With a pair of salt shakers and some honest curiosity, George Whitfield got inside the mind of Cam Newtown.
Now Newtown’s personal quarterback coach, Whitfield first met the Carolina Panthers quarterback in a San Diego restaurant before the 2011 NFL Draft.
Seated at the end of a long table, Whitfield said he asked Newtown about the Oregon defense he topped in the 2011 BCS Championship Game. Newtown used the salt shakers to simulate the pass rush of Oregon linebacker Casey Matthews.
But Whitfield had trouble following along.
“I said I can’t see that,” said Whitfield. “I asked for a pen and we wrote front and back on six napkins. Coverages, adjustments, check-offs.”
It was then that Whitfield was able to see that Newtown “was much more than some sort of dynamo.”
Whitfield was excited to get to work and three months later he was in New York when Carolina nabbed Newtown with the first pick in the draft.
On Monday night, Newtown will lead the Panthers into Lincoln Financial Field for a match up with the Eagles.
In late August, Whitfield was in the area to work out with local high school quarterbacks.
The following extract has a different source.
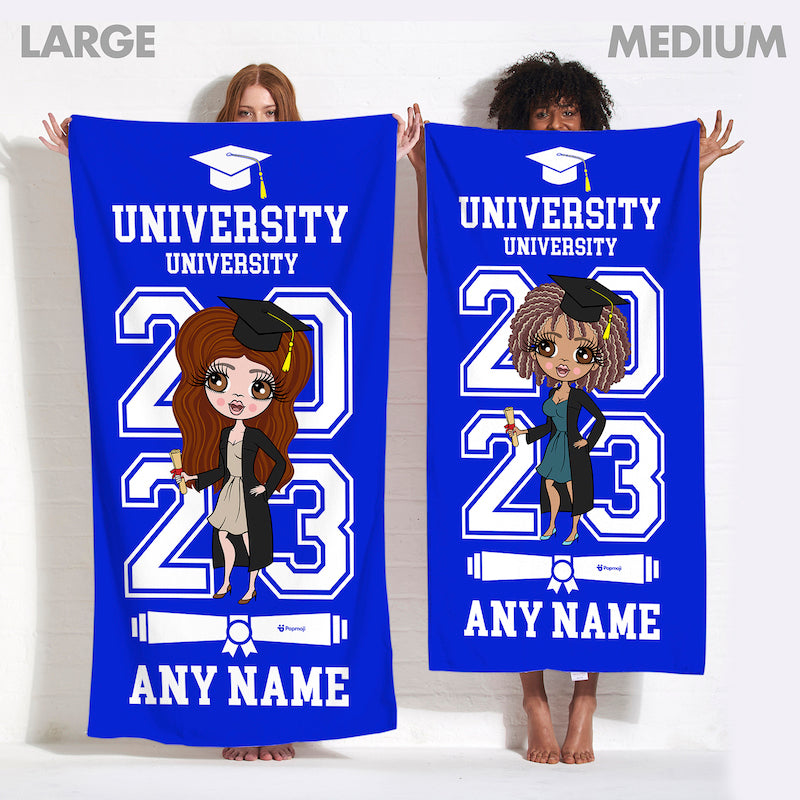 ClaireaBella Graduation Blue Varsity Beach Towel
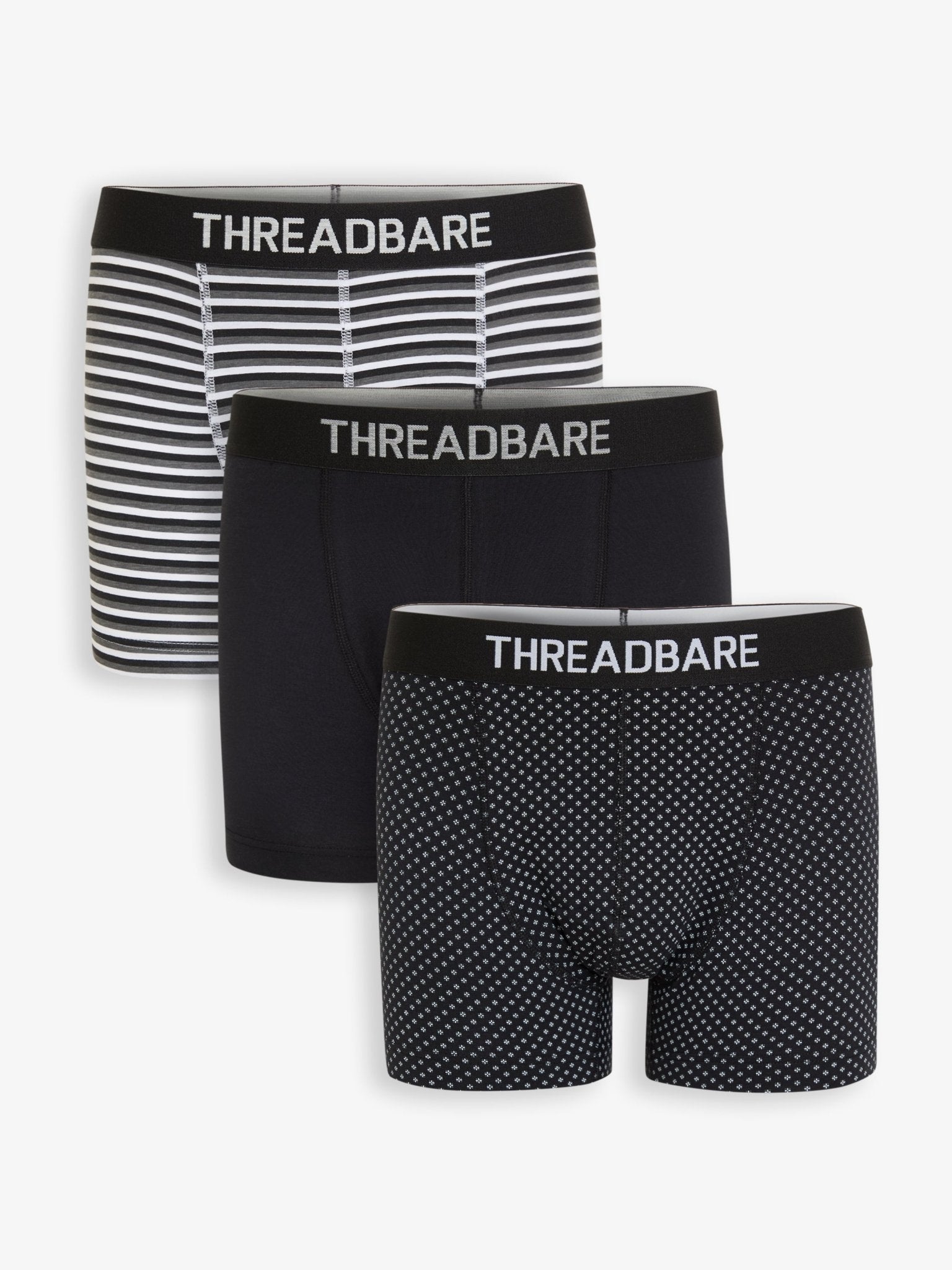 Threadbare Men's 3 Pack Printed Hipster Fit Boxers in Black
Among them were Glassboro senior Mike Gillespie and Episcopal Academy’s Nick Maras.
Maras, who will be a freshman next season, worked with Whitfield at the Rock Your and also attended the Peyton Manning Camp.
“He’s just a good coach overall,” said Maras. “He doesen’t push you into doing anything. He doesen’t have a set of rules, instead he works directly with what you need.”
Maras said his throwing has become more accurate and his throwing power has increased. One of the facets they worked on was his release time, which Maras said has become faster.
After spending a few years working with less-polished players, Whitfield had the opportunity to work with Pittsburgh’s Ben Roethlisberger during the quarterbacks six-game suspension in 2010. He was Roethlisberger’s first private coach, as Whitfield said everything Roethlisberger was using was “innate ability.”
Whitfield worked out with Hunter Cantwell, who signed with Carolina after being undrafted in 2009. He then helped Rice’s Chase Clement earn the UFL’s MVP in 2010 before working with Cincinnati’s Tony Pike, who was drafted by Carolina.
Whitfield said the challenges of working with these players resulted in a sense of pride when the results came in.
“You’re not going to be on lunchpails, but you will be on an active roster,” said Whitfield. “I always relished that under dog role and the long days.”